KG Berlin v. 25.02.1998: Zu den Anforderungen an eine Geschwindigkeitsfeststellung durch Tachovergleich - Nachfahren


Das Kammergericht Berlin (Beschluss vom 25.02.1998 - 2 Ss 353/97) hat entschieden:
Bei einer von dem Tachometer des Polizeifahrzeugs abgelesen Höchstgeschwindigkeit von 120 km/h verlangt die Rechtsprechung grundsätzlich einen Höchstabstand zwischen dem Polizeifahrzeug und dem verfolgten Fahrzeug von 100 Metern und eine Mindestmessstrecke von 500 Metern. Feste Messpunkte sind bei dieser Messmethode nicht erforderlich. Für etwaige Messungenauigkeiten, auch im Hinblick auf die Abstandsschätzung, sowie für die fehlende Eichung des Tachometers des Polizeifahrzeugs genügt der hier berücksichtigte Toleranzwert von 20%.


Siehe auch Geschwindigkeitsmessung durch Nachfahren oder Vorausfahren


Gründe:

Das Amtsgericht hat den Betroffenen wegen vorsätzlicher Zuwiderhandlung gegen §§ 41 Abs. 2 Nr. 7 (Zeichen 274), 49 Abs. 3 Nr. 4 StVO nach § 24 StVG zu einer Geldbuße von 650,00 DM verurteilt und gegen ihn ein zweimonatiges Fahrverbot angeordnet. Die Rechtsbeschwerde des Betroffenen, mit der er die Verletzung sachlichen Rechts rügt, ist gemäß § 79 Abs. 1 Satz 1 Nr. 1 und 2 OWiG zulässig; sie hat jedoch keinen Erfolg.

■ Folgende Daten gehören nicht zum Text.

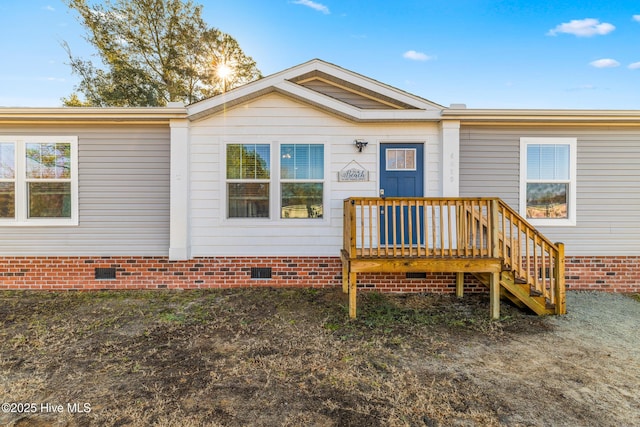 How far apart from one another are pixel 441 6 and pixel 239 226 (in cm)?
1030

1. Die Urteilsfeststellungen tragen den Schuldspruch, die zulässige Höchstgeschwindigkeit auf einer Strecke von etwa einem Kilometer vorsätzlich um 46 km/h und sie auf etwa 600 Metern dieser Strecke fahrlässig um weitere 20 km/h überschritten zu haben.

Die Urteilsgründe weisen aus, dass sich das Amtsgericht an die in der obergerichtliche Rechtsprechung für die Geschwindigkeitsmessung durch Nachfahren mit Tachometervergleich entwickelten Grundsätze gehalten hat. Bei der von dem Tachometer des Polizeifahrzeugs abgelesen Höchstgeschwindigkeit von 120 km/h verlangt die Rechtsprechung grundsätzlich einen Höchstabstand zwischen dem Polizeifahrzeug und dem verfolgten Fahrzeug von 100 Metern und eine Mindestmessstrecke von 500 Metern (OLG Düsseldorf VRS 74, 289, 290; OLG Köln VRS 70, 38, 39; OLG Braunschweig DAR 1989, 110; Senatsbeschluss vom 3. Februar 1997 - 3 Ws (B) 643/96 -). Diese Richtwerte hat der Tatrichter hier beachtet. Für die gemessene Geschwindigkeit von 120 km/h waren die Messstrecke von etwa einem Kilometer genügend lang und der Abstand von 50 bis 70 Metern günstig. Feste Messpunkte sind bei dieser Messmethode nicht erforderlich. Für etwaige Messungenauigkeiten, auch im Hinblick auf die Abstandsschätzung, sowie für die fehlende Eichung des Tachometers des Polizeifahrzeugs genügt der hier berücksichtigte Toleranzwert von 20%.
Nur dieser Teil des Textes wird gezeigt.